YOUR INSTRUCTIONS:
Exclude all pictures from your copy of the data below, which should otherwise match exactly.

RECORDS FOR PROCESSING Block Start

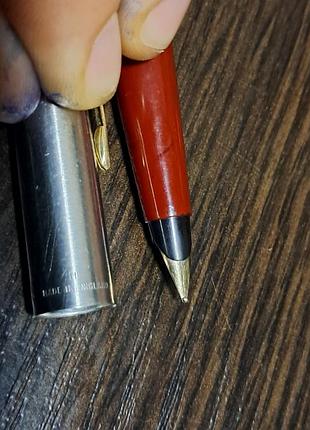 Винтажная перьевая ручка parker 45 с золотистым пером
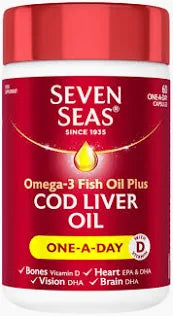 Seven Seas Pure Cod Liver Oil Caps OAD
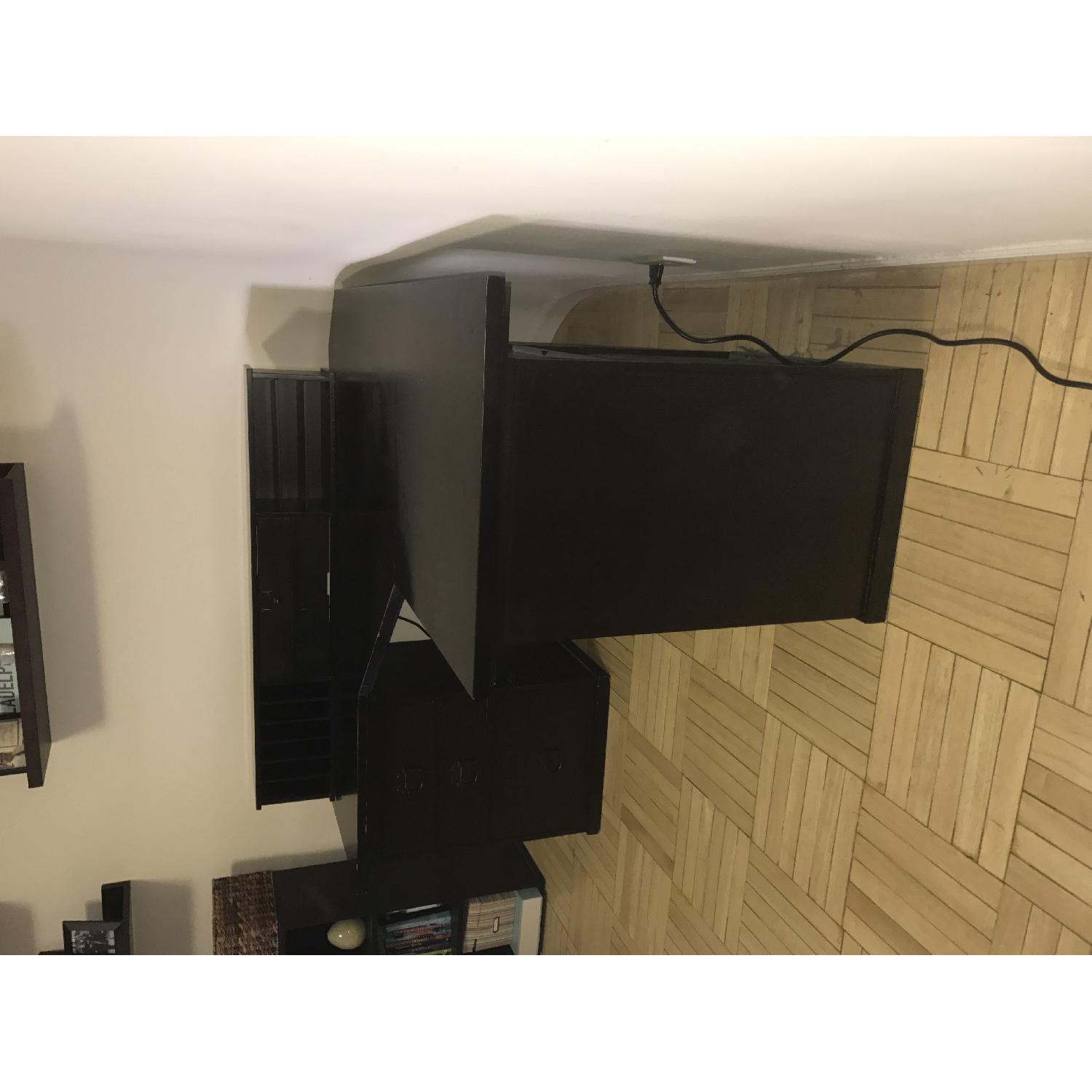 Pottery Barn Bedford Corner Desk w/ Hutch in Espresso Wood - image-9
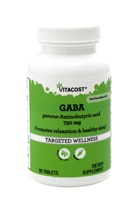 Vitacost GABA Gamma - Aminobutyric Acid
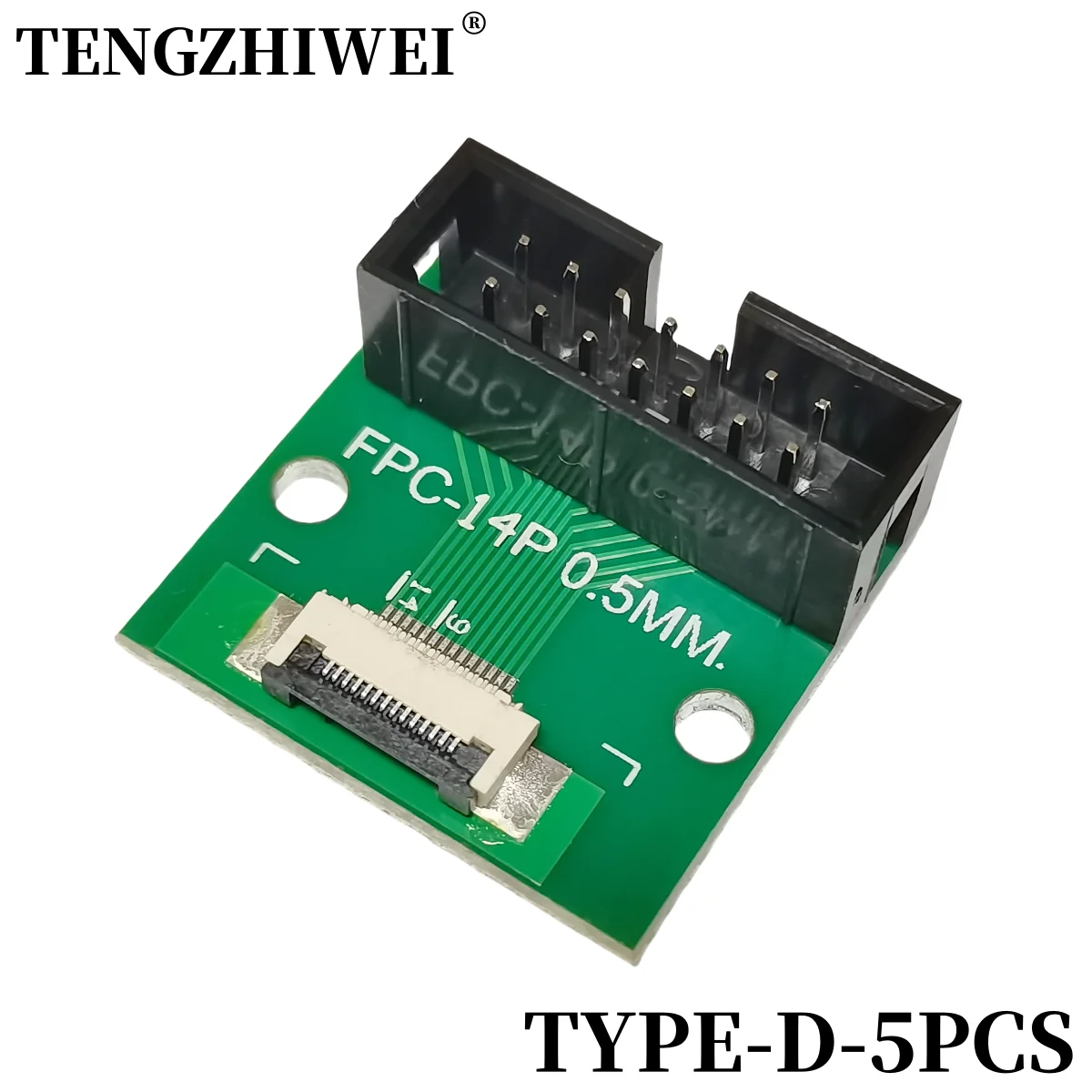 5 шт., плата адаптера FFC/FPC 0,5 мм-14P до 2,54 мм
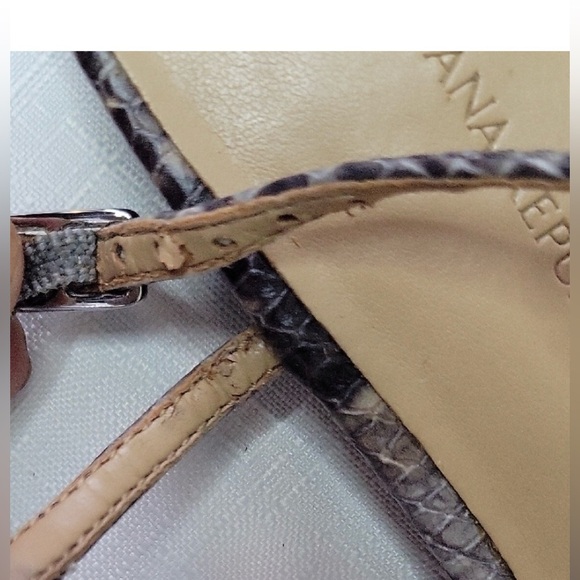 Banana Republic Snakeskin Print  Sandals Elegant Summer Style Size7.5 - Picture 7 of 7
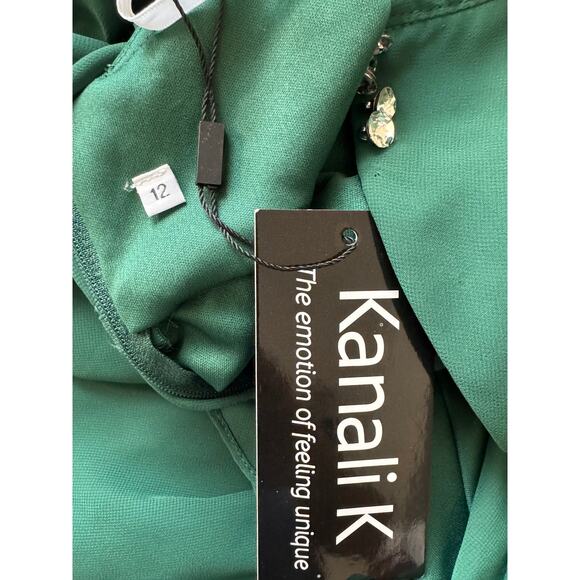 New KANALI K Women's Hunter Halter Neck A-line Bridesmaid Gown Size 12 - Picture 7 of 8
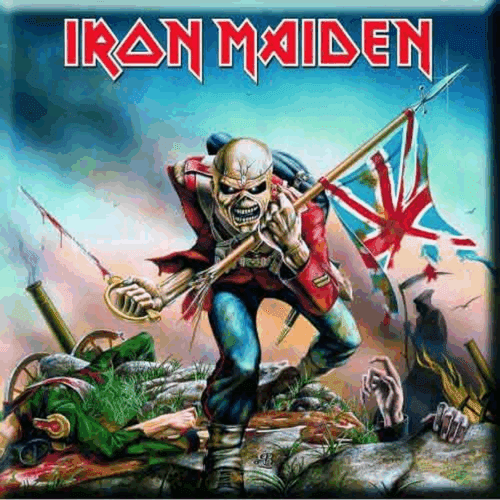Μαγνήτης ψυγείου Iron Maiden The Trooper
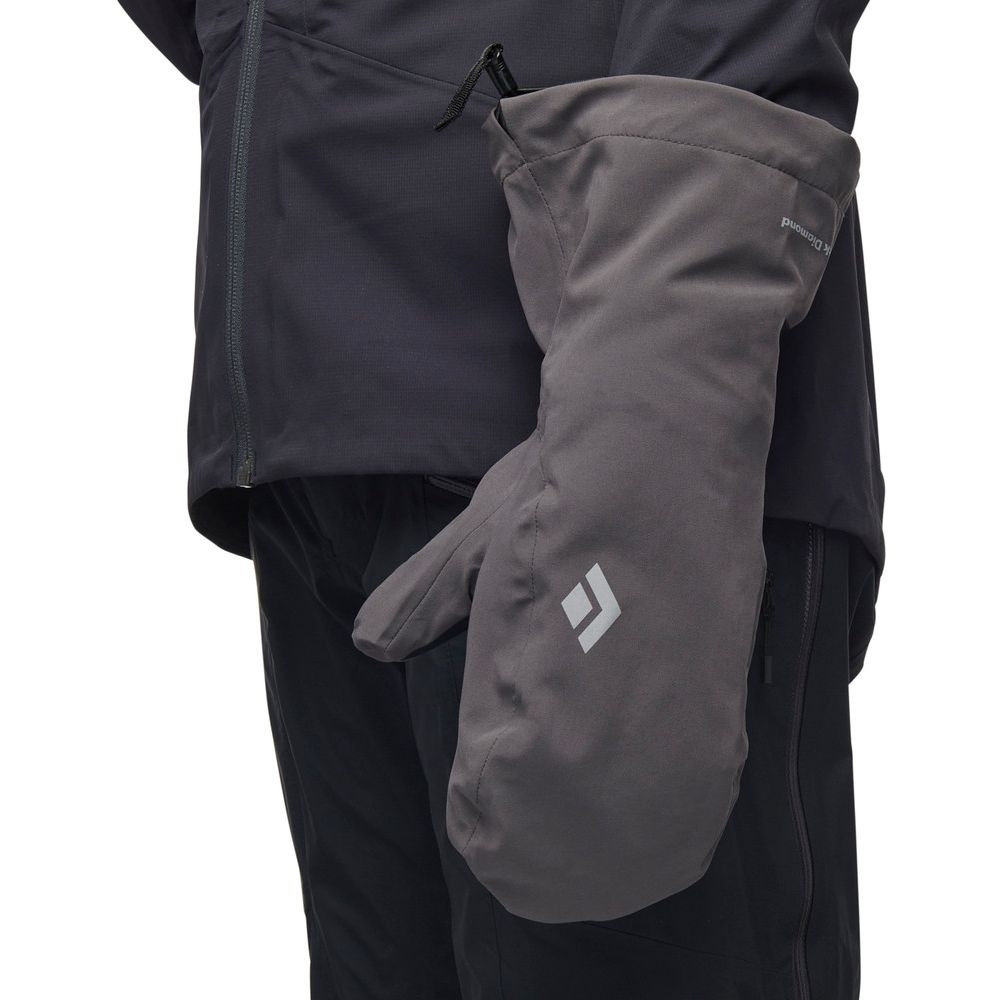 Black Diamond Waterproof Overmitts Smoke BD801026-0006 kleding accessoires online bestellen bij Kathmandu Outdoor & Travel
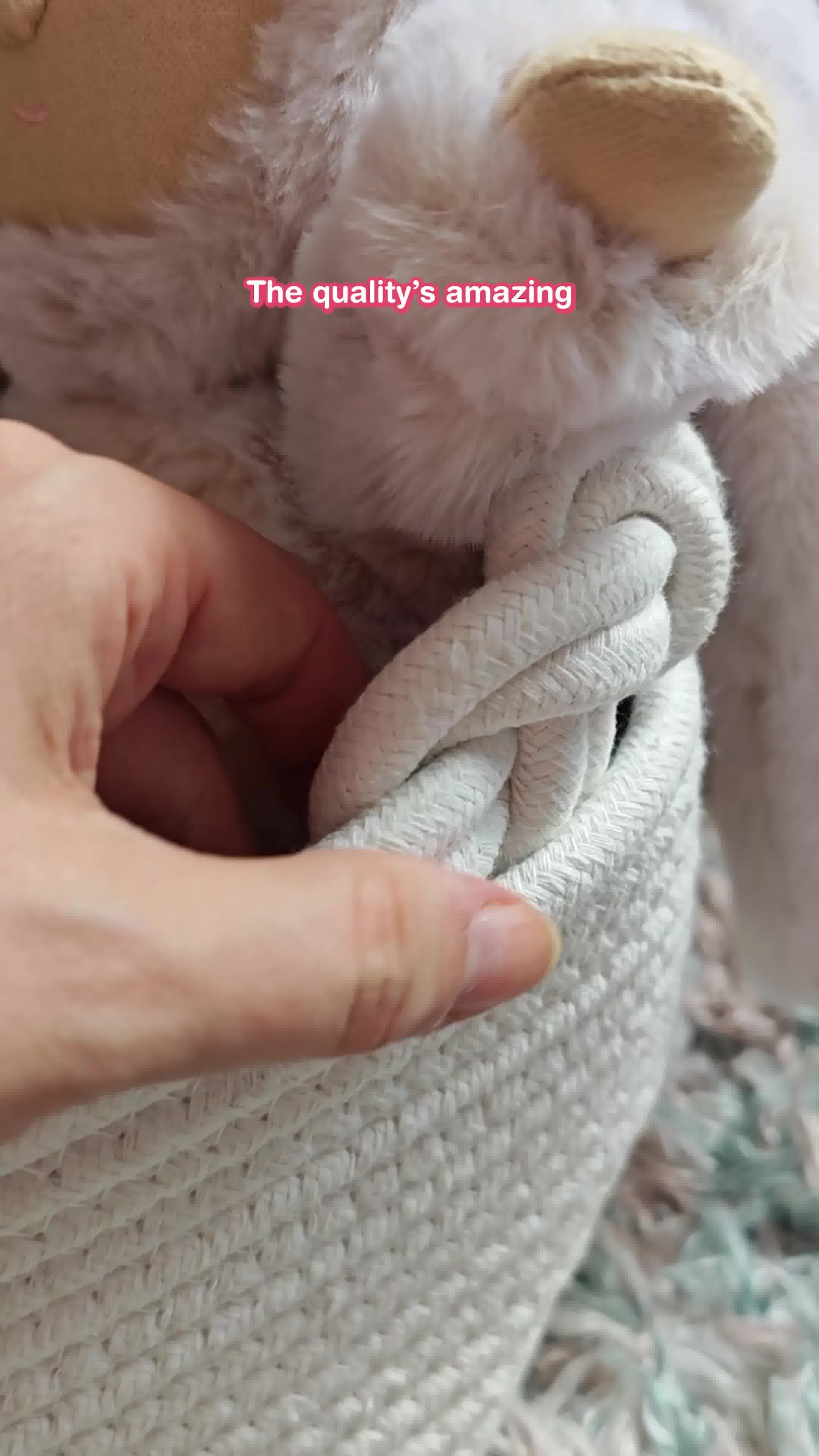 Baby Knits Facebook ad: Personalized Knitted Basket!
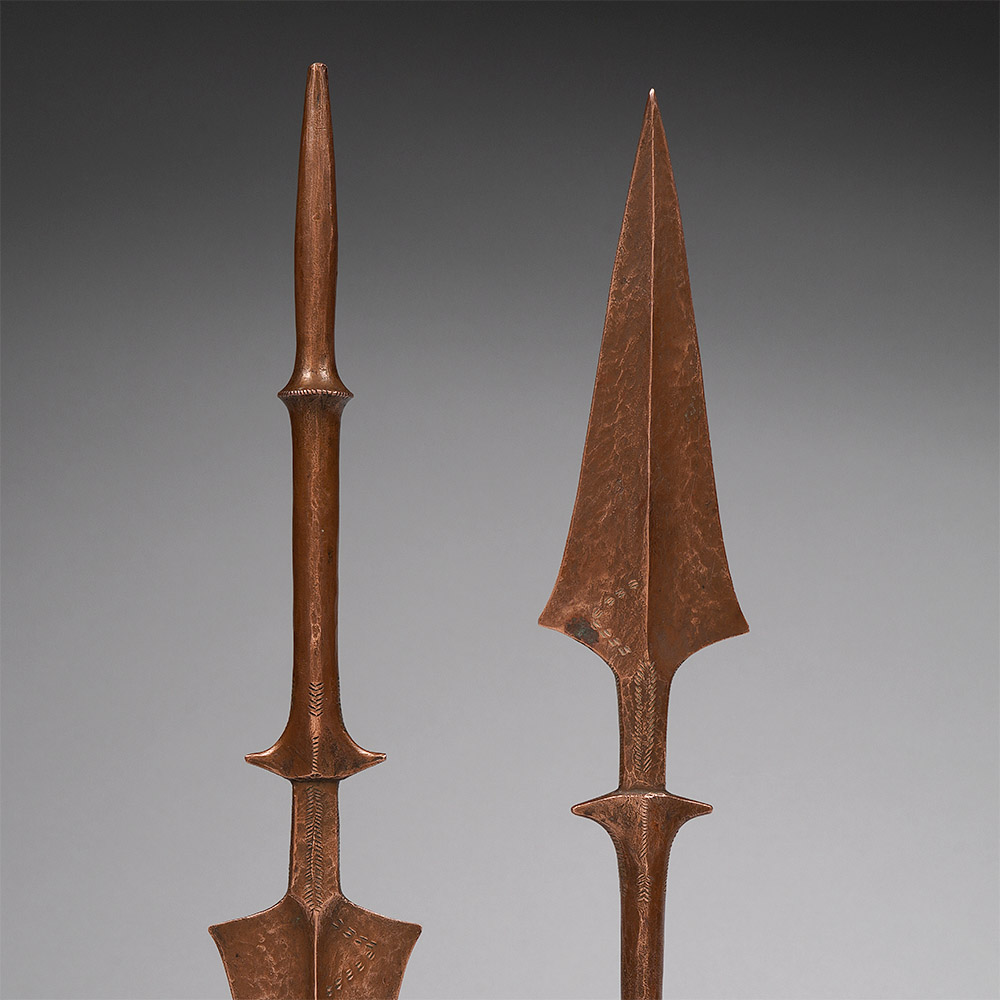 Pair of Solid Copper Balingbwa Daggers, Tetela, D.R. Congo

RECORDS FOR PROCESSING Block End

RESULT OF THIS TASK:
 Винтажная перьевая ручка parker 45 с золотистым пером
 Seven Seas Pure Cod Liver Oil Caps OAD
 Pottery Barn Bedford Corner Desk w/ Hutch in Espresso Wood - image-9
 Vitacost GABA Gamma - Aminobutyric Acid
 5 шт., плата адаптера FFC/FPC 0,5 мм-14P до 2,54 мм
 Banana Republic Snakeskin Print  Sandals Elegant Summer Style Size7.5 - Picture 7 of 7
 New KANALI K Women's Hunter Halter Neck A-line Bridesmaid Gown Size 12 - Picture 7 of 8
Μαγνήτης ψυγείου Iron Maiden The Trooper
 Black Diamond Waterproof Overmitts Smoke BD801026-0006 kleding accessoires online bestellen bij Kathmandu Outdoor & Travel
 Baby Knits Facebook ad: Personalized Knitted Basket!
 Pair of Solid Copper Balingbwa Daggers, Tetela, D.R. Congo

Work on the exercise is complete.